Stored records
····················

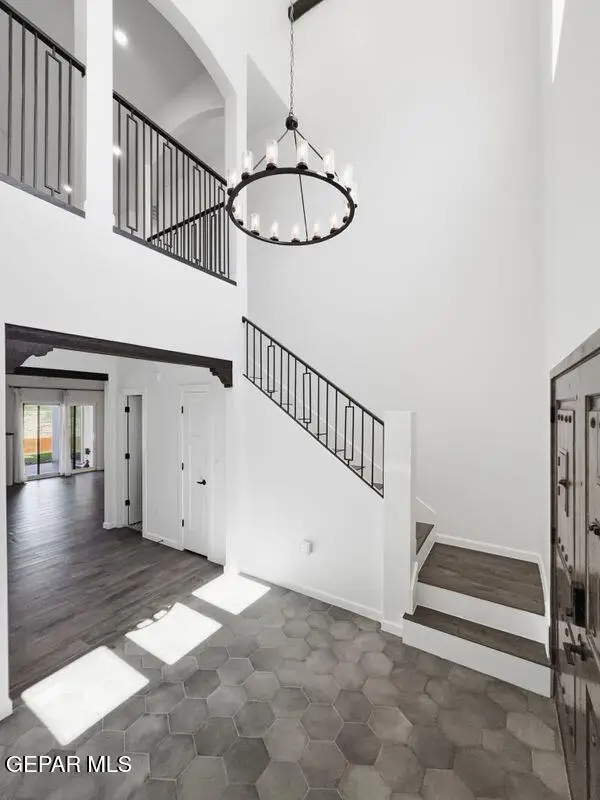 871 Country Club Road #5D, El Paso, TX 79932 - #2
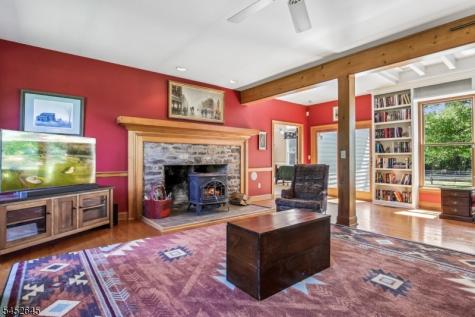 152 Lambertville Hq Road Delaware NJ 08559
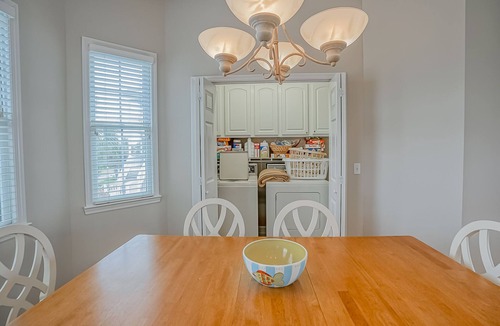 Beachwalk House | EBB TIDE Great Views Short walk to Beach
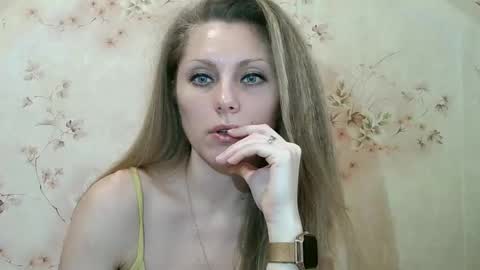 Snapshot of roxyfox18x01 chatting on January 2026 09:25:02 AM roxyfox18x01 online show from January 2026 09:25:02 AM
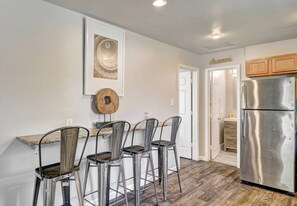 Interior - Nash A · Downtown Round Rock Group Getaway (Round Rock)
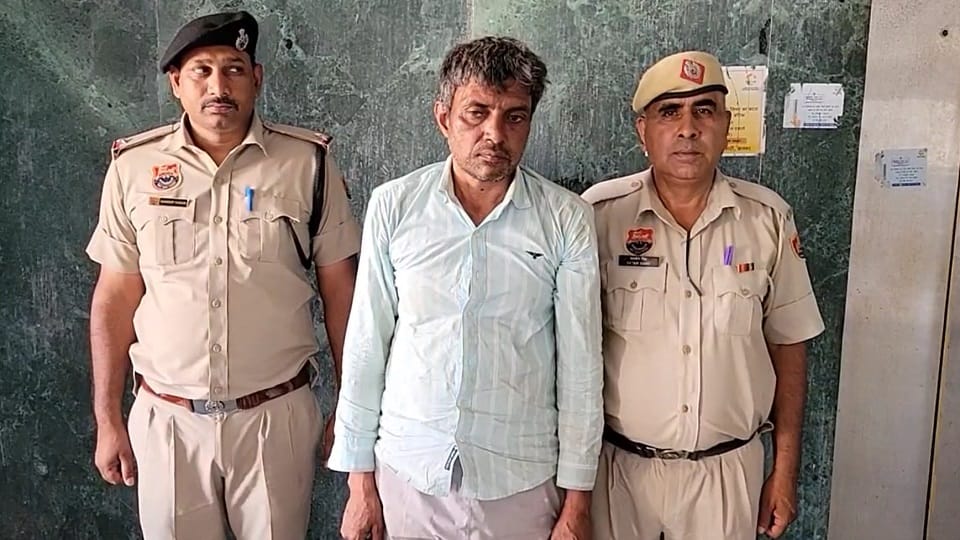 Husband murder his wife in Khanpur Khurd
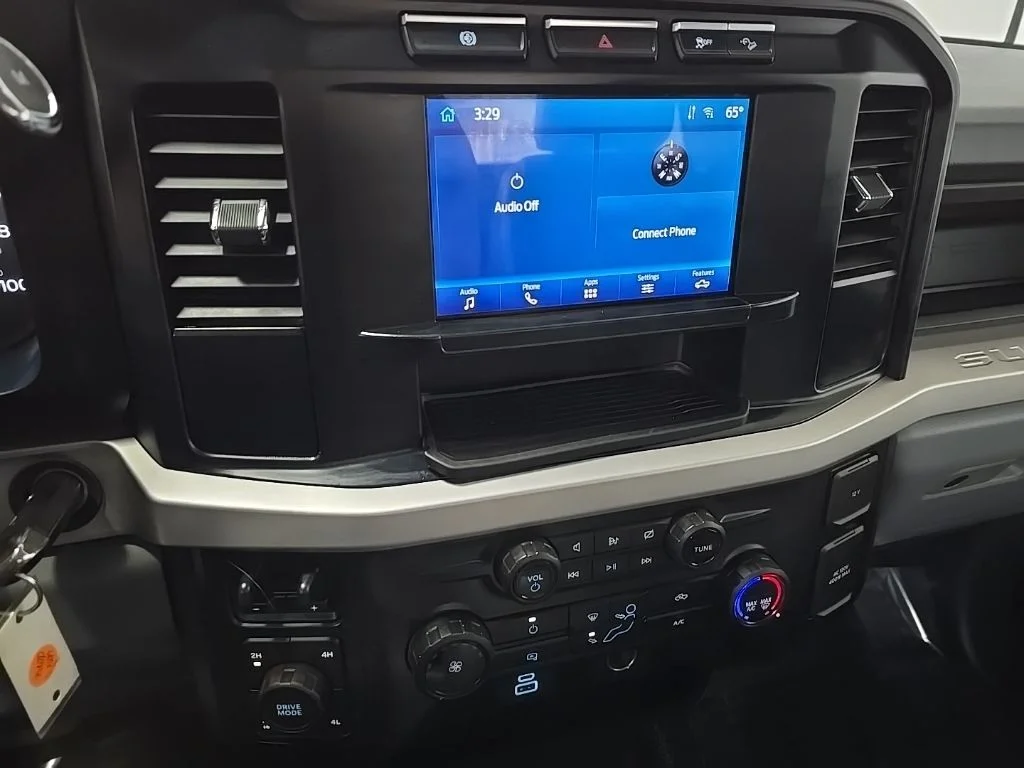 Used 2023 White Ford XL image 30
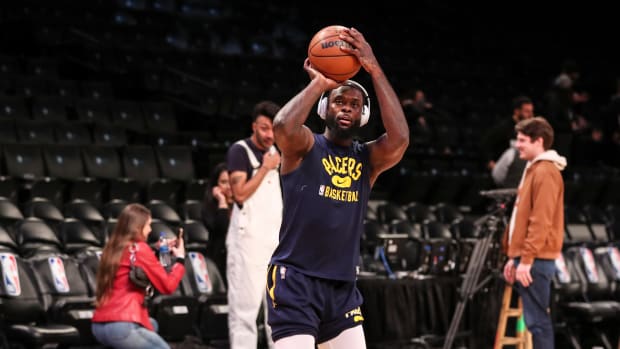 Apr 10, 2022; Brooklyn, New York, USA; Indiana Pacers guard Lance Stephenson (6) takes warmups prior to the game against the Brooklyn Nets at Barclays Center.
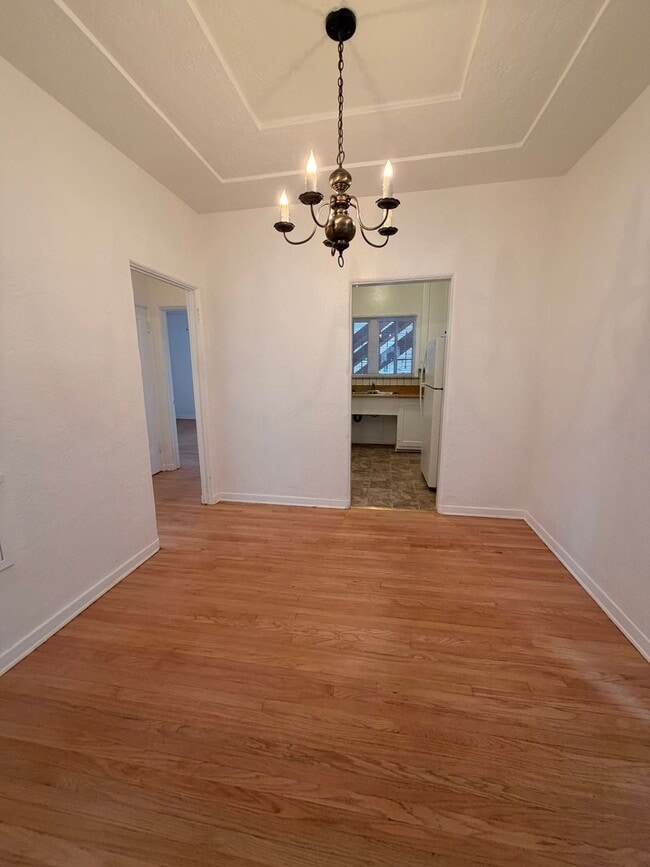 Building Photo - Cute 1 Bedroom 1 Bathroom Long Beach Apartment For Rent!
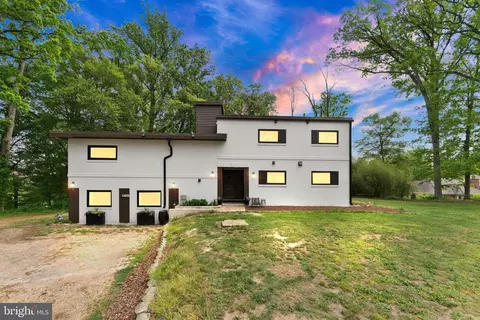 Exterior - 8341 Rolling Rd, Springfield, VA 22153 photo 3 of 5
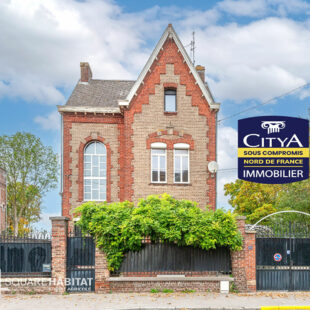 MAISON  DE MAITRE INDIVIDUELLE DE 185 M² &nbsp;Sous compromis&nbsp;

····················

Problem =
Leave out the pictures, and retype exactly the lines from the one containing "Building Photo - Cute" through the final line of the data.

Written solution =
 Building Photo - Cute 1 Bedroom 1 Bathroom Long Beach Apartment For Rent!
 Exterior - 8341 Rolling Rd, Springfield, VA 22153 photo 3 of 5
 MAISON  DE MAITRE INDIVIDUELLE DE 185 M² &nbsp;Sous compromis&nbsp;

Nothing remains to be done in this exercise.